Looking to specialized structures
One key consideration is choosing between standard Python data structures like lists and specialized structures like NumPy arrays. Python lists are versatile and easy to use but inefficient for numerical operations on large data sets. They can store different types of objects, which adds overhead in terms of RAM and processing. For instance, when a list contains objects of different types, Python must store type information for each element and perform type checking during runtime, which can slow down computation.
On the other hand, NumPy arrays, often used for numerical computing in Python, and help improve performance of operations on large files of homogeneous data. These arrays use contiguous blocks of memory, making access and manipulation of array elements more efficient. They also support vectorized operations (which cannot be done with a standard library), allowing for complex computations to be executed on entire arrays without the need for explicit loops in Python. This not only leads to more concise and readable code but also significantly enhances performance due to optimized, low-level C implementations for mathematical operations.
In summary, the thoughtful selection of data types is vital in Python for optimizing both speed and memory usage. While Python's flexibility and ease of use are advantageous, leveraging specialized data types like NumPy arrays for numerical operations and making smart choices between different native data structures can significantly improve the performance of Python code. This is especially true in data-intensive and computationally demanding applications, such as scientific computing, data analysis, and machine learning.
Python code optimization and global variables
Global variables in Python are those defined outside of a function and which can be accessed from any part of the program, as explored earlier in the guide. However, their use often sparks debate regarding best practices in coding, especially concerning code optimization and maintainability.
From a performance optimization perspective, global variables can sometimes offer benefits. They can be used to cache values that are expensive to compute and are required by multiple functions, potentially reducing the need for redundant calculations. This can lead to performance improvements in certain scenarios.
Nevertheless, there are many scenarios where we should avoid global variables:
- It can lead to code that is hard to debug and maintain as global variables can be modified by any part of the program.
- Using global variables can lead to issues with code scalability and readability. They make it harder to understand the interactions between different parts of the code, and more challenging to test or implement changes without unintended side effects.

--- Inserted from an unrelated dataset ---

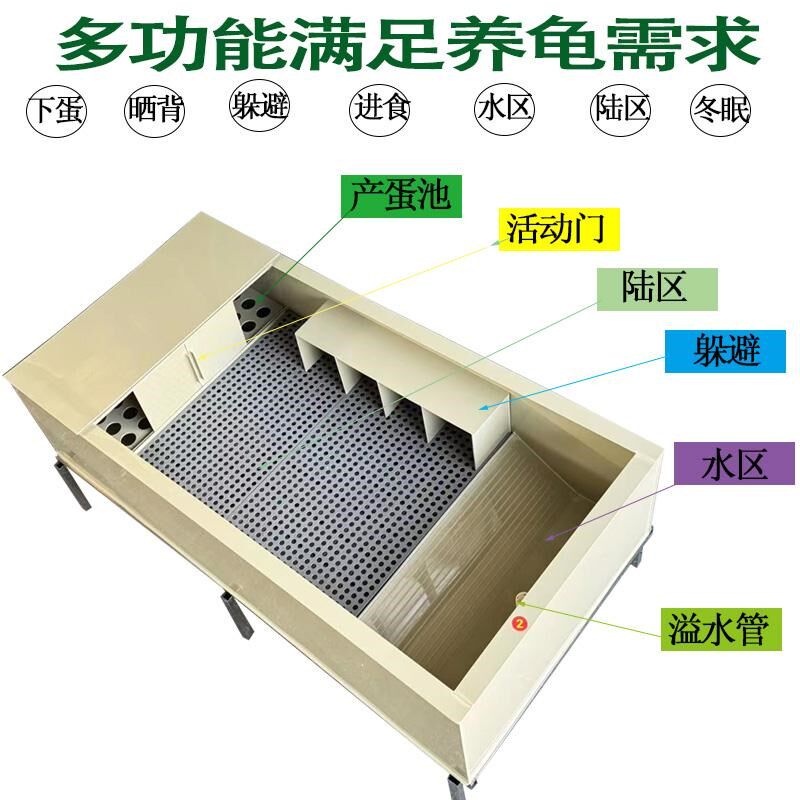半水陆龟黄缘生态龟池家用PP龟箱养殖箱产蛋繁殖龟箱带垫板龟缸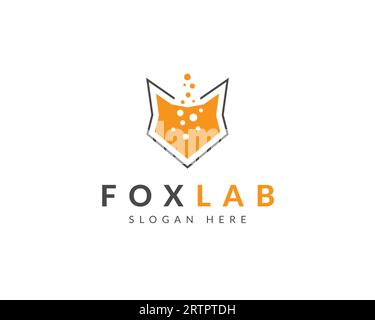 Modèle de vecteur de conception de logo de mousse de flacon de laboratoire, conception de logo de mousse créative de chimie. Icône du logo Fox Lab Modern Illustration de Vecteur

- From a design perspective, overusing global variables often indicates a lack of encapsulation, affecting code modularity and reusability.
So, while global variables can be used for optimizing performance in specific cases, they should be used sparingly and judiciously. It's often better to consider alternative approaches, such as function arguments or class attributes, which can provide a cleaner code that is easier to test.
Towards more efficient in-memory Python pipelines
Let's now turn to some practical advice on how Python code can be optimized to efficiently process data in-memory.
Vectorized data transformations
Always opt for vectorized operations over traditional loops. Vectorized operations refer to performing operations on entire arrays or collections of data at once rather than iterating through each element individually.
In Python, the NumPy library is well-known for providing vectorized operations. Here, we create a NumPy array data_array
with some initial values and then perform a vectorized multiplication operation on the entire array.
import numpy as np
data_array = np.array([1, 2, 3, 4, 5])
data_array *= 10 # Vectorized multiplication operation
### Now data_array is array([10, 20, 30, 40, 50])
Efficient data loading
For datasets that can fit into available RAM, Pandas provides efficient tools for data manipulation:
import pandas as pd
### Load data into a Pandas DataFrame
data = pd.read_csv('manageable_dataset.csv')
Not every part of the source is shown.